As medidas panfletárias e cosméticas são verdadeiramente uma marca deste governo que, para manter a paz social é obrigado a apresentar medidas que constituem um autêntico roubo aos trabalhadores como medidas progressistas. O exemplo mais recente é do programa “Creche Feliz”, que deixará de fora as creches geridas pelas Câmaras Municipais. Sobram apenas as do setor privado: seja ele IPSS ou não.
Ao nível da habitação, as medidas apresentadas são novamente um “piscar de olhos” à burguesia e às classes médias rentistas. As rendas apoiadas são um subsídio aos senhorios parasitas, pagos pelos impostos dos trabalhadores. Os juros bonificados podem representar um alívio para algumas famílias, mas em nada beliscam os lucros milionários da banca. Também a política de IVA zero nada mais é do que outro subsídio às grandes cadeias de supermercados.
No próximo Orçamento do Estado, tudo indica que estas políticas continuarão e associadas às “contas certas” do défice e da dívida pública, isto é, à continuação do desinvestimento público e subsidiação dos privados, em particular na Saúde.
Perante este cenário a direita, que se tem vindo a reorganizar há vários anos, ainda não construiu uma alternativa credível. Continua a apostar, através do reacionário Presidente da República, numa política de desgaste lento do governo. As dezenas de casos de corrupção e saídas de ministros do último ano também vão jogando um papel, mas sobretudo entre a pequena-burguesia e as bases da direita. Durante as JMJ foi notória a patética tentativa de aproveitamento mediático quer de Carlos Moedas, presidente da Câmara de Lisboa do PSD, quer do próprio Marcelo, como forma de ganharem popularidade.
O mesmo Marcelo que menoriza casos de assédio ou que participa ele próprio nesses abusos, enquanto continua a construir esta figura bonapartista que mede constantemente forças com o governo PS em preparação para a chegada da direita ao poder.

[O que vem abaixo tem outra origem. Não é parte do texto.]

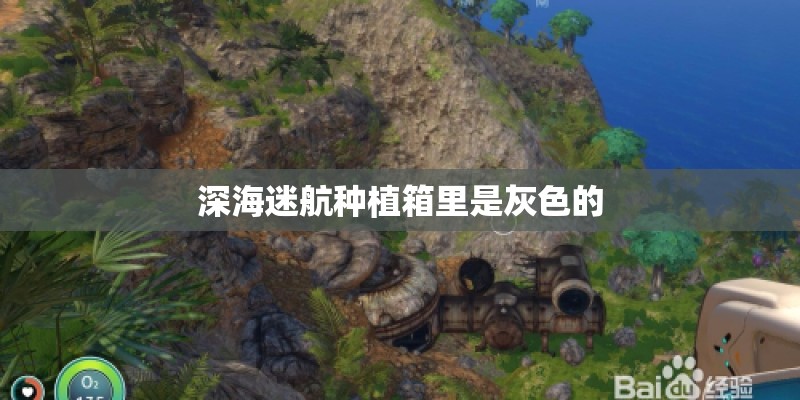 深海迷航种植箱里是灰色的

Também a extrema-direita, que se tem vindo a reforçar nos últimos anos parece estar a estagnar nos últimos meses. A moção de censura ao governo proposta pelo Chega representou mais um ataque ao PSD, que se absteve, do que ao PS já que, na prática, se sabia que iria ser rejeitada pela maioria absoluta. Esta dinâmica representa mais uma disputa dentro do eleitorado e bases de direita do que propriamente um alargamento da sua influência.

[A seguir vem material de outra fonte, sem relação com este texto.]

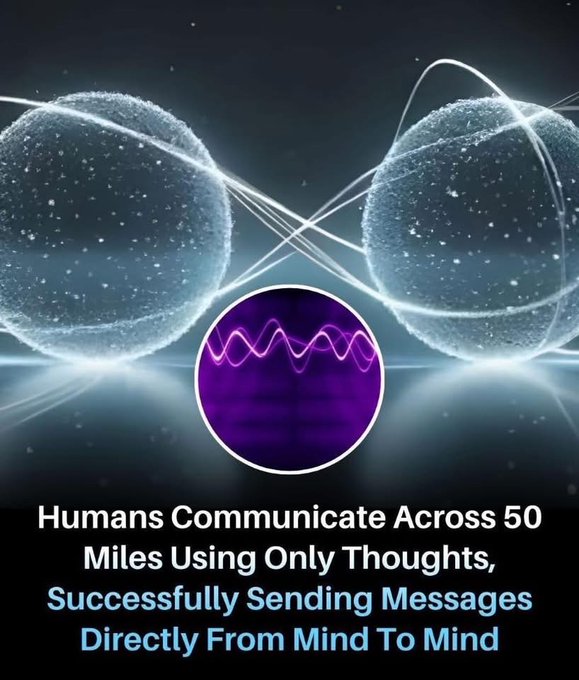 Eugenie LOBE tweet media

…e a esquerda reformista assiste das bancadas.
Para já, a política do governo PS continua a ser do agrado da Banca e do PSI.

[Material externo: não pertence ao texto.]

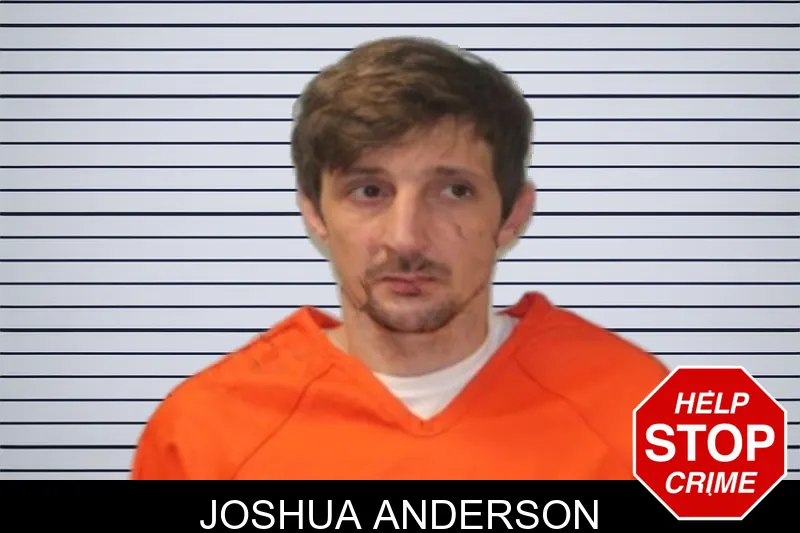 Joshua Anderson mugshot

Este governo tem sido capaz de evitar que as lutas de vários sectores, principalmente dos profissionais da educação e agora da saúde, saíssem do seu controlo, contando para tal com o apoio essencial das burocracias sindicais.
Enquanto isto, a esquerda reformista prossegue uma política de desmobilização dos trabalhadores e de canalização dos esforços para a esfera parlamentar e institucional. Criticam e bem as várias medidas do governo, mas nunca são capazes nem de dar uma resposta concreta e muito menos de organizar a nossa classe para lhes fazer frente.
Além disso, deseducam os trabalhadores e os jovens ao falarem para “o País” insistindo muitas vezes numa retórica nacionalista — ou patriótica, se preferirem — que mascara o verdadeiro culpado da crise da habitação, da inflação ou da guerra, que é o sistema capitalista. Por exemplo, a grande medida do BE a respeito da crise da habitação é paradigmática: proibir a venda de imóveis a investidores estrangeiros como forma de garantir as “condições de vida das famílias portuguesas.”.
O que o Bloco deveria estar a denunciar — e que já o fez quando criticou os vistos gold — era os fundos abutres e os investidores no seu todo, independentemente da nacionalidade. Esta retórica das “famílias portuguesas” primeiro facilmente é apropriada pela direita para atacar os trabalhadores imigrantes, como aliás já acontece, culpando-os de estarem a “competir” pelos mesmos quartos que os trabalhadores portugueses.
Já o PCP apresenta uma política demasiado conservadora para vastas camadas da juventude de classe trabalhadora. A transfobia dentro do partido e o apoio declarado às Jornadas Mundiais da Juventude são apenas dois exemplos de posicionamentos políticos que deveriam ser inadmissíveis à esquerda, que reforçam as bases do regime e que dão munições à direita.
No entanto, é preciso não perder de vista que a tendência geral de aprofundamento da crise do sistema capitalista e a polarização social que esta implica. O PS sabe que caminha em gelo fino. Quando a Zona Euro entrar em recessão, Costa precisará de aprofundar a austeridade, o que, se as lutas do ano passado são algum indicador, poderá levar a uma contestação social muito mais ampla e forte. Se a classe trabalhadora e a juventude encherem as ruas massivamente, como aconteceu em França, não será a maioria absoluta do PS a salvar este governo.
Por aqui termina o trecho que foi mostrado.